Here are our remaining matches and plausible results:
wk 6 Boston: lose
wk 7 Arizona: win
wk 8: St Louis: lose
wk 9: Seattle: draw
wk 10: Miami: win
which would put is at 6.5-3.5, comfortably in the playoffs. 5.5 is probably enough to get into the playoffs, so I'm pretty confident we'll make it. That said, it's hard to guess which team will win the west. It could be that 6.5 or 7 will be first, as there is no dominant team. It could have been St Louis, but they are at 2.5-2.5 and have one more match without Nakamura or Shulman, which they will lose to the east-leading Nor'easters. So even if they beat down their western rivals in weeks 6-9, they'll at best tie for first. The two top teams in the west according to the standings, Arizona and Chicago, are both a bit like us: not possessed of any ridiculous lineup. So I expect both of those teams will drop another match or two, and probably finish pretty close to SF in the final standings. And in fact, I think we are a slightly better team than either of those two. So, including ties, we probably have a 30% chance to finish first in the West.
While nobody has stood out in the West, which I follow, I have not been following the East this year. The league has finally reached a number of teams, where I can't keep up with the Eastern teams! All I know is that I've seen a few lineups that are absolute insanity this year, and I think most of them were from the NY Knights. I don't see where I can check that right now, but I feel like a few times this season, I glanced over at some lineup of theirs and thought "what??? is this for real??" Somehow they are second in the East, but my instincts tell me they are the strongest team out there.
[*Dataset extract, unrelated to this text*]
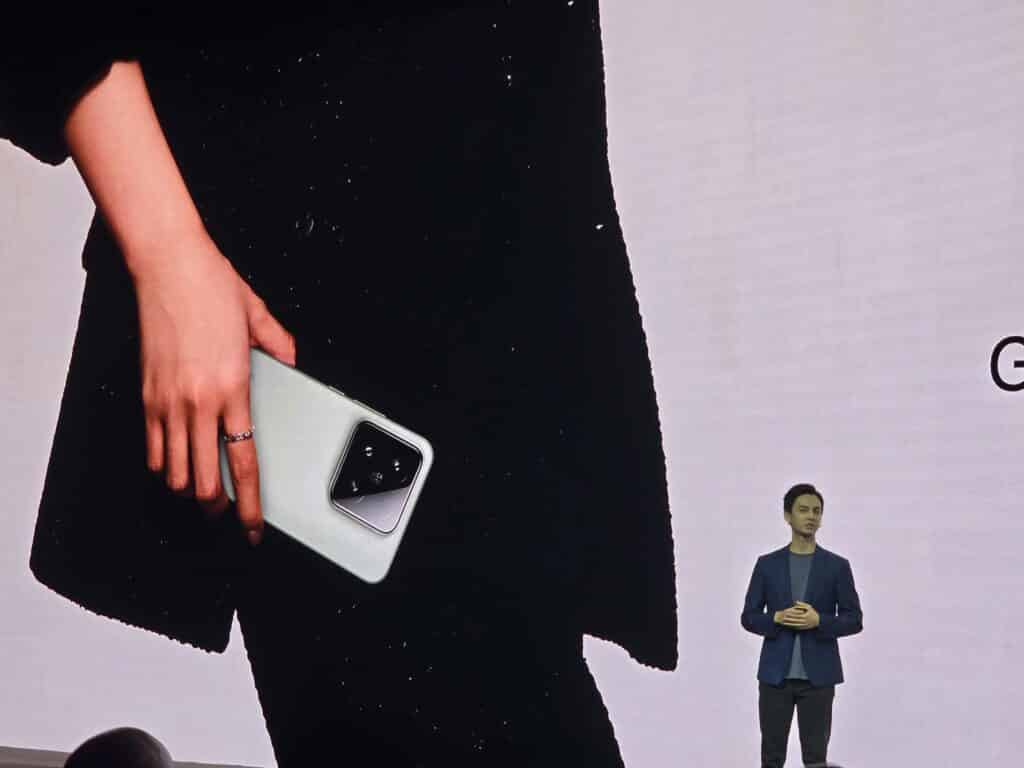 Xiaomi представи на световния пазар новата серия Xiaomi 15, която предлага върхова фотография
And Boston's rosters look pretty much like usual, so they are probably a bit better than the top Western teams as well.
This coming week is the only week of the season where Eastern and Western teams face each other (other than the league championship). Perhaps it will give us a better sense of the balance of power between divisions. Personally, I fear gravely for SF's result this week.
PS- I think that the New York and St Louis lineups this season may be cause for the league in the off-season to re-consider the two loopholes by which a team can drastically overshoot 2400.